Friday, September 25, 2009

The Guantanamo Bay Fiasco

Michael Lehnert was the commander of Joint Task Force 160 which built Camp X-Ray in 2002. He was given little guidance from the Pentagon except do it fast.

"The Geneva Convention seemed to be a pretty good place to start," he said. "I got several copies and had my staff read it." He wanted the prisoners closely guarded but humanely treated, an approach he lost. He said he opposed the harsh interrogation methods requested by the Bush White House.

“Probably before I left Guantanamo," after 100 days in command, "I was of the opinion it needed to go away as soon as possible.” He said at his retirement news gathering Thursday interrogations, which were handled by a different task force, ignited “creative tension” in the officer ranks of Marines, Navy, Army and the Central Intelligence Agency.. Lehnert said he made his views known through “the appropriate chain of command.” He said the United States has a moral obligation to treat the prisoners humanely.

Lehnert will step down next week after heading the Marine Corps Installations West command since 2005. He has guided a massive construction campaign at the seven bases he oversees from an office at Camp Pendleton in San Diego County.

During his presser, the general addressed the subject which is driving the Obama administration crazy -- where to relocate the remaining 220 prisoners of roughly 800 who cannot be released nor held for trial.

He said he opposes the White House inquiry some or all be sent to Camp Pendleton because it could threaten the base's main job of training Marines. This Not-In-My-Backyard chant is echoed by most members of Congress which has delayed funding for Guantanamo closing until the relocation question is resolved.

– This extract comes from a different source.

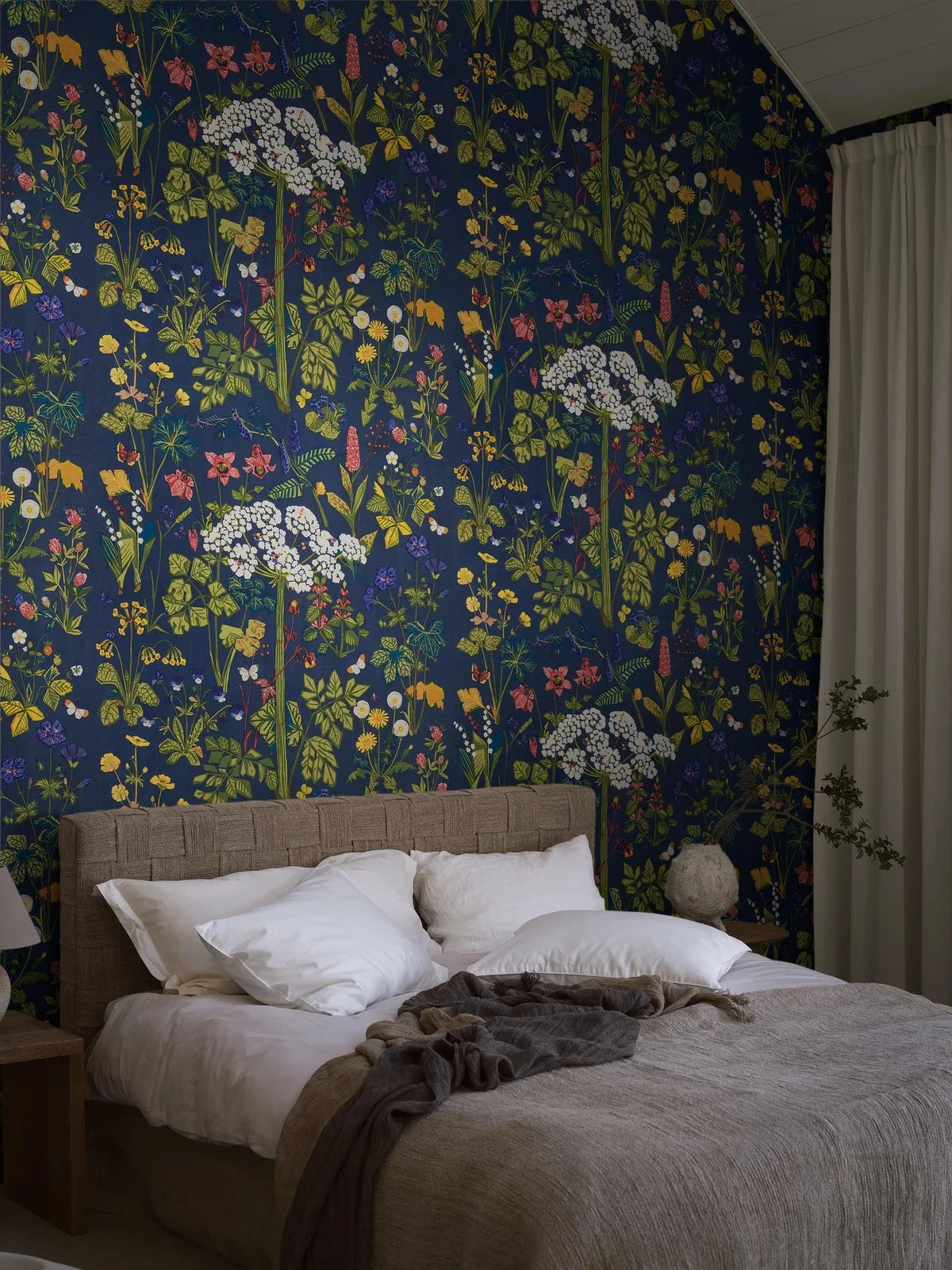 The mural wallpaper Aurora features one of Lisbet Jobs’ most beloved patterns, with flowers such as hogweed, dandelion, cowslip and lily of the valley, here in bright colors on a deep blue ground.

U.S. officials hope to prosecute some of them in federal court and others before military commissions.

Meanwhile, the Washington Post quotes its sources that the fall guy blamed for the current problem at Guantanamo is White House Counsel Gregory B. Craig who convinced President Barack Obama to set a deadline to close the base by Jan. 22, 2010, against the advise of many in both administrations and Congress. The Post:

The White House has faltered in part because of the legal, political and diplomatic complexities involved in determining what to do with more than 200 terrorism suspects at the prison. But senior advisers privately acknowledge not devising a concrete plan for where to move the detainees and mishandling Congress.

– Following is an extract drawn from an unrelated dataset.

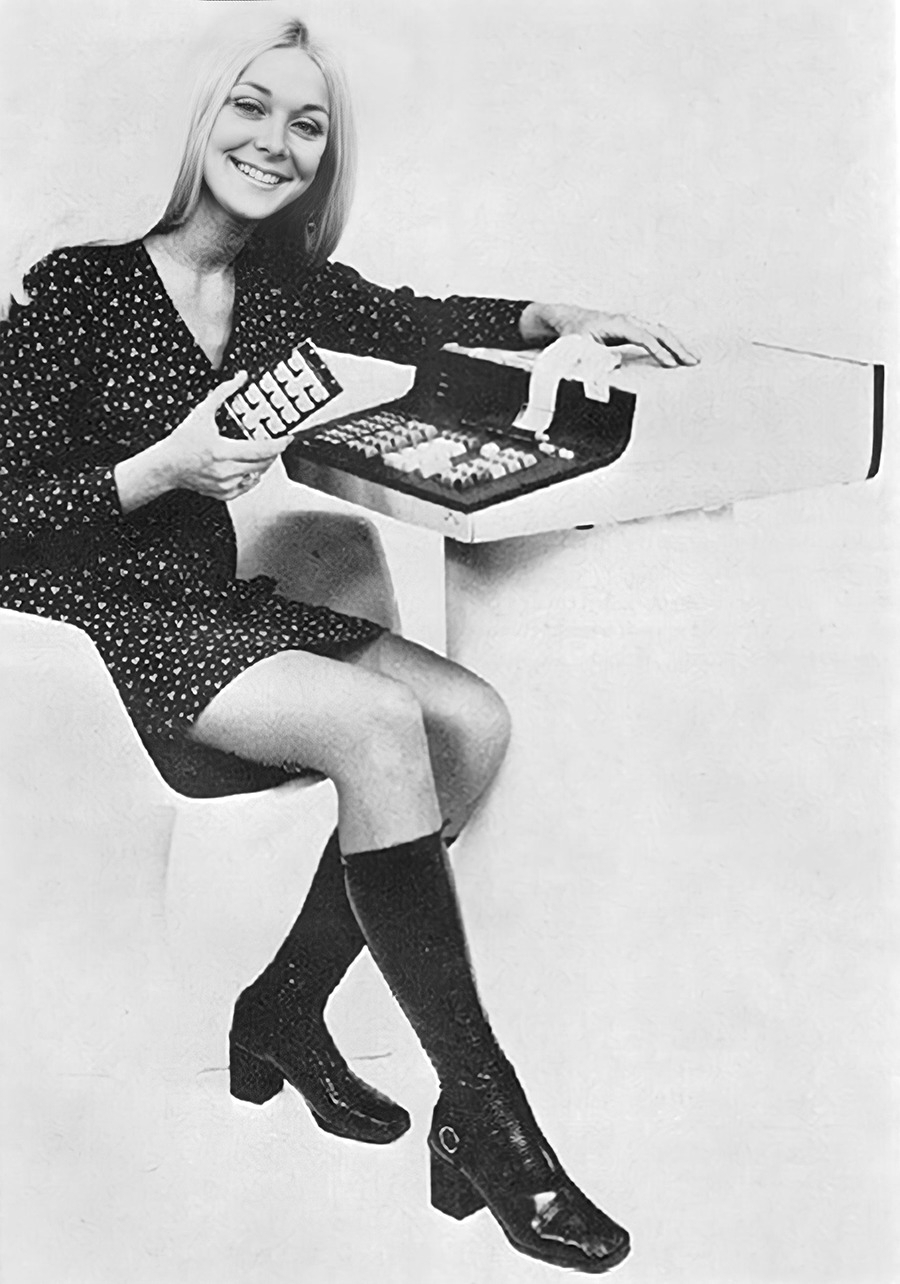 Black-and-white photo from about 1970 of a smiling long-haired slender blonde woman in a short dress and go-go boots sitting with a retro computer keyboard and cassette tapes.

Craig no longer is in charge of the base closure, according to the Post.

Craig said Thursday that some of his early assumptions were based on miscalculations, in part because Bush administration officials and senior Republicans in Congress had spoken publicly about closing the facility. "I thought there was, in fact, and I may have been wrong, a broad consensus about the importance to our national security objectives to close Guantanamo and how keeping Guantanamo open actually did damage to our national security objectives," he said.

The Post story implies -- at least to me -- the Obama White House has dropped the urgency of Guantanamo's closing which in part explains its delays in processing the detainees. Part of the problem was this unexpected development the Obama people learned after taking office.

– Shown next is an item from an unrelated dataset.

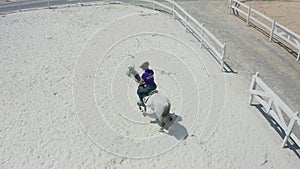 A young woman gallops on a white Arabian horse on a white sand court in an equestrian club. Aerial drone view.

Senior administration officials said the central roadblock during those early months was the condition of the detainee files, which had been left in disarray by the previous administration.

"We assumed that for each detainee there was going to be a file somewhere," one senior administration official said. "Some of the intelligence files were not even organized by detainee. You had to go into a mainframe database and search the name of the detainee to put together a file. So there were weeks, if not months, of putting together the files of detainees that then could be reviewed by the fresh eyes that we wanted."

As the process was getting underway in the spring, the administration began losing support for shutting the facility, in part, officials now say, because the White House did not present a concrete plan for what it would do with the remaining terrorism suspects.

What began as a campaign promise fulfilled has turned into a public relations nightmare for an Obama administration that continually is confronted with the realities of governing.